YOUR ASSIGNMENT »
Please give back each line of the material unchanged, but without the images.

GIVEN MATERIAL »
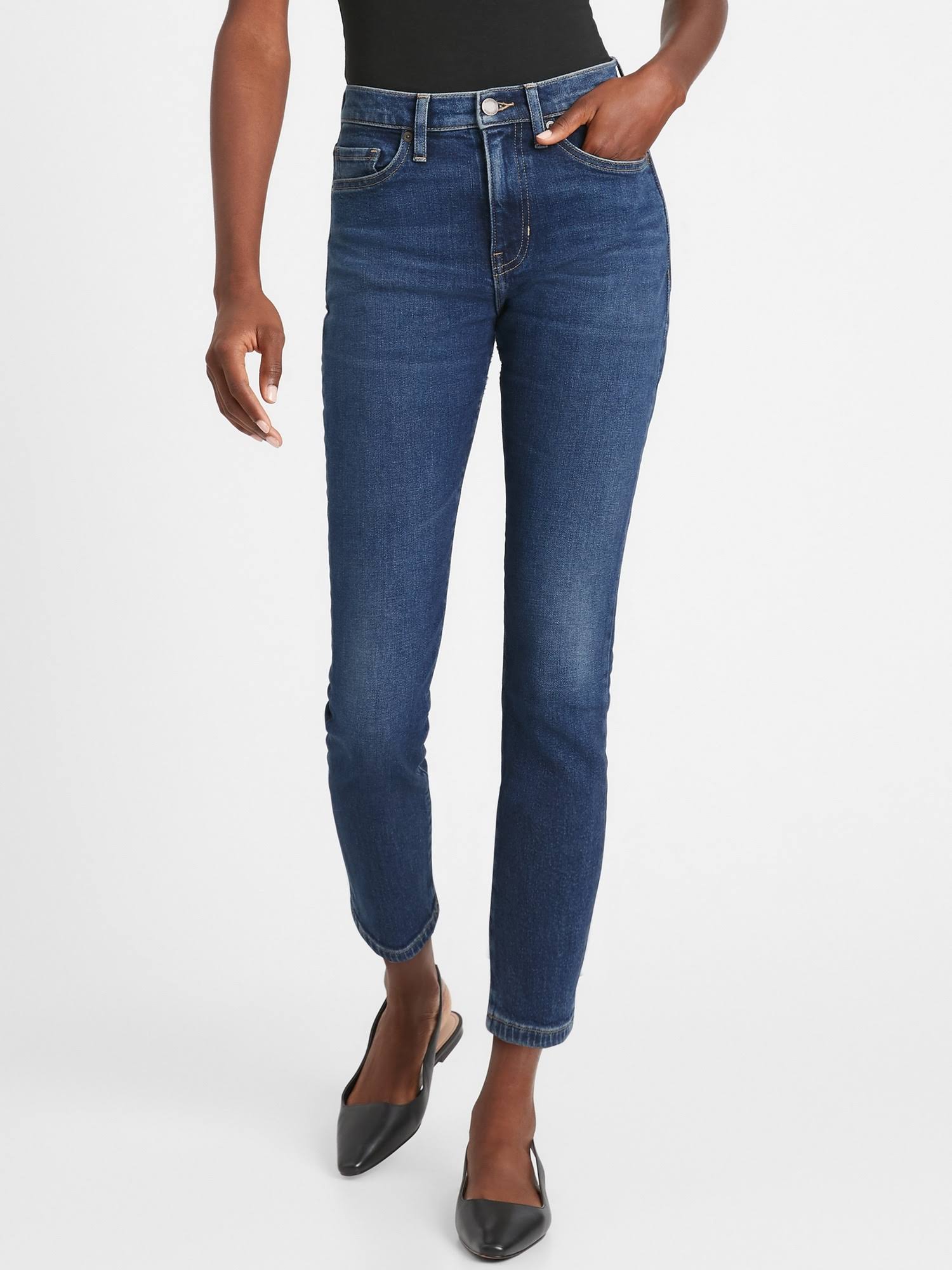 Banana Republic Women's High-Rise Straight Jean Medium Wash Size 26 Regular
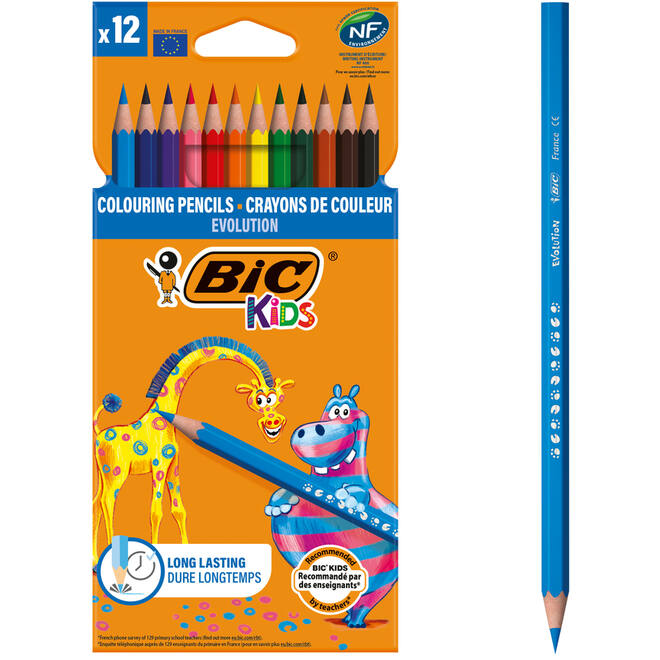 Kleurpotloden BIC kids Evolution assorti, etui 12 stuks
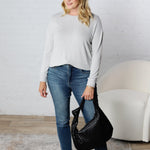 Saffron Hacci Brushed Knit Top - H. Grey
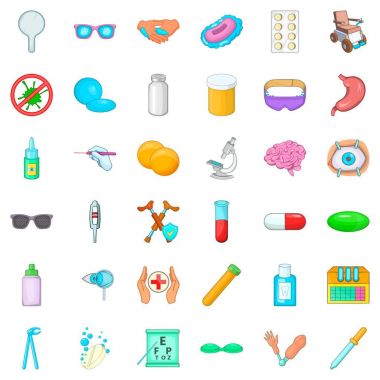 Fizik muayene Icons set, karikatür tarzı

TASK RESPONSE »
 Banana Republic Women's High-Rise Straight Jean Medium Wash Size 26 Regular
 Kleurpotloden BIC kids Evolution assorti, etui 12 stuks
 Saffron Hacci Brushed Knit Top - H. Grey
 Fizik muayene Icons set, karikatür tarzı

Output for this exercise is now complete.